= Anchor paper =

Sample essay response to an assignment or test question

An anchor paper is a sample essay response to an assignment or test question requiring an essay, primarily in an educational effort. Unlike more traditional educational assessments such as multiple choice, essays cannot be graded with an answer key, as no strictly correct or incorrect solution exists. The anchor paper provides an example to the person reviewing or grading the assignment of a well-written response to the essay prompt. Sometimes examiners prepare a range of anchor papers, to provide examples of responses at different levels of merit.

== Purpose of Anchor Papers ==
Anchor papers are frequently used in standards based assessment, authentic assessment and holistic grading, where essay prompts are more common. They are especially used when grading essay responses on a mass scale, such as by graders working for the College Board.

Typically, any particular grading project only employs a few anchor papers. Educators have commented that matching the diversity of responses against one or two papers is often difficult, resulting in inconsistencies among graders working on the same project.

A report by experts from Arizona State University stated that guidelines for scoring are adopted for quality assessment of writing samples meant for the preparation of performance evaluation. Anchor papers stand for scoring points defined in the directions.

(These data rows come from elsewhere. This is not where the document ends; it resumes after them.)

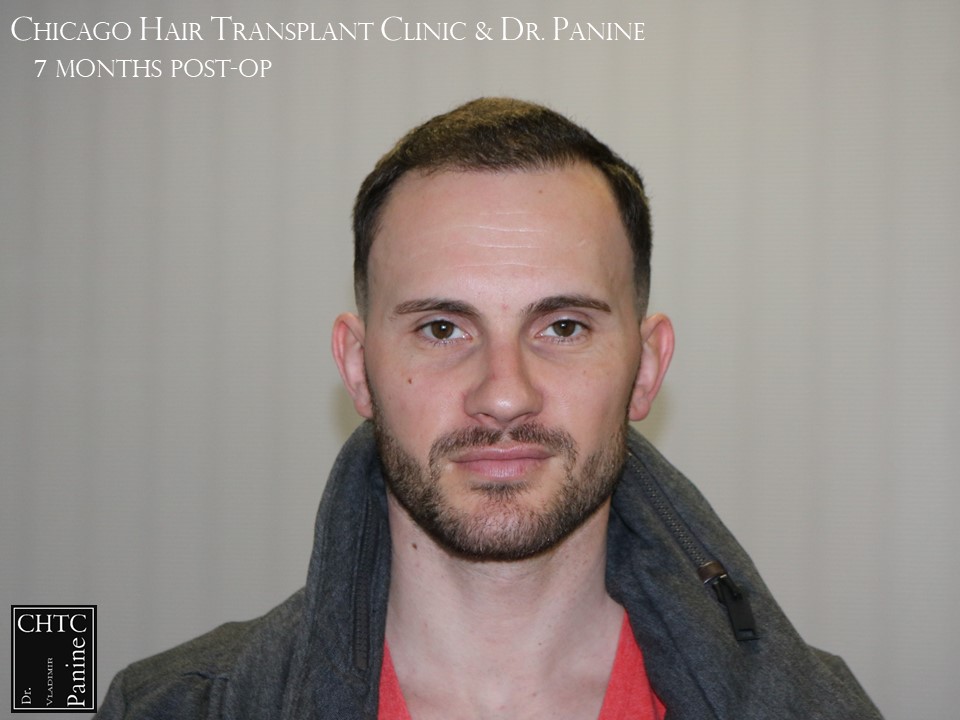 PANINE, MD FUE Hair Transplant Results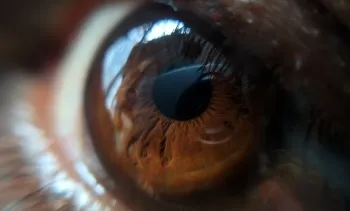 Usar o no usar lentes de contacto en medio de la pandemia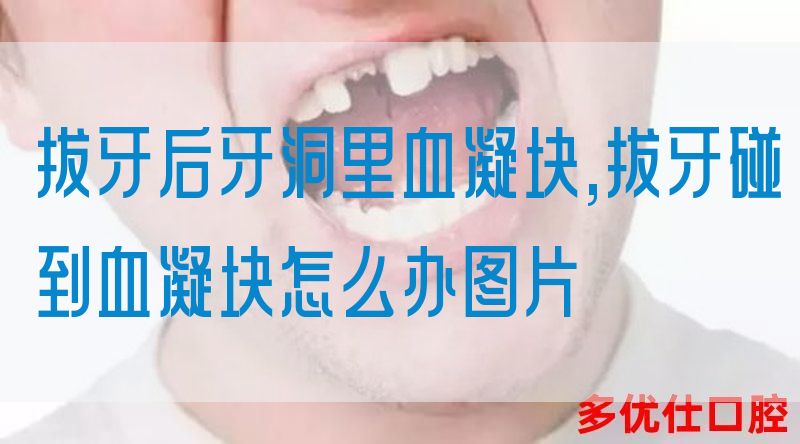 拔牙后牙洞里血凝块,拔牙碰到血凝块怎么办图片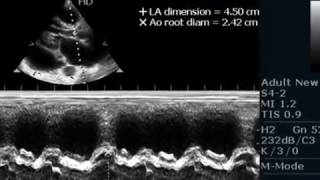 LARGE PERICARDIAL EFFUSION  ECHOCARDIOGRAPHY SERIES BY DRANKURKCHAUDHARI [upl. by Aramo]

At Tennessee, the State's education department formulated writing policies for (2017-2018) coring student responses from the writing section of the TN Ready Assessment. The Department provided guidelines, so educators can train students for the Assessment's writing category even if these policies were not prepared for use as instructional resources. The marked anchor papers of students show how procedures are employed as individual papers representing multiple performance levels. Anchor papers facilitate better understanding of writing rules and guide discussions regarding modifications and adjustments.